■ DATA BELOW:
:::

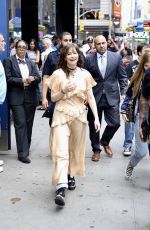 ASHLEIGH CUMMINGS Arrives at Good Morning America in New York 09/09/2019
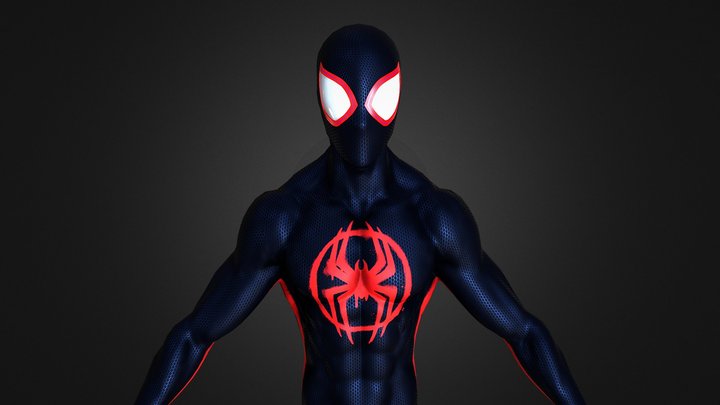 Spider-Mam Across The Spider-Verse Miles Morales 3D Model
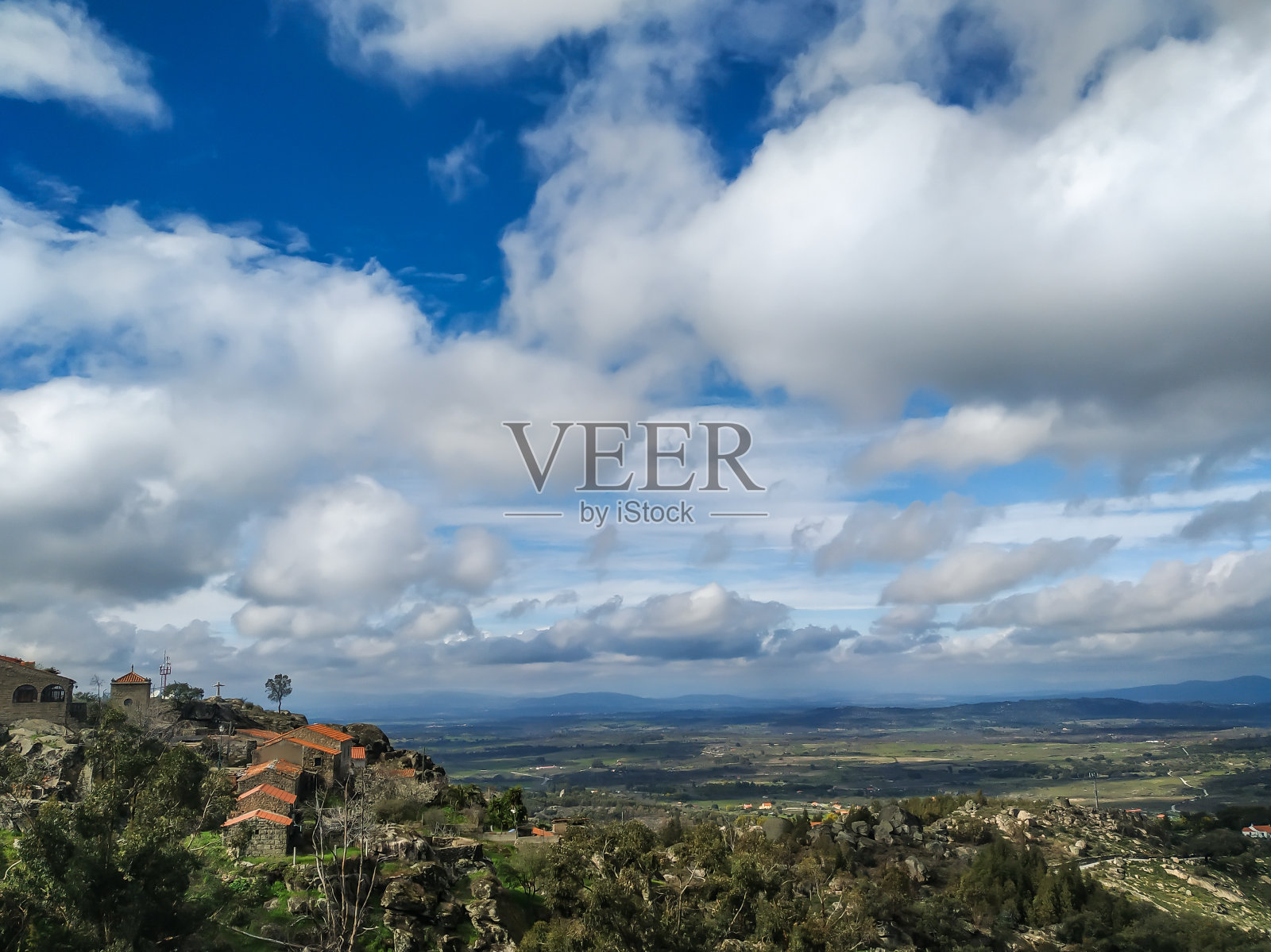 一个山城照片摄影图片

:::

■ WHAT NEEDS TO BE DONE: Starting with the line that contains "Spider-Mam Across The" and ending with the last line of the data above, transcribe exactly those lines and no others, without pictures.

■ PROBLEM SOLUTION:
 Spider-Mam Across The Spider-Verse Miles Morales 3D Model
 一个山城照片摄影图片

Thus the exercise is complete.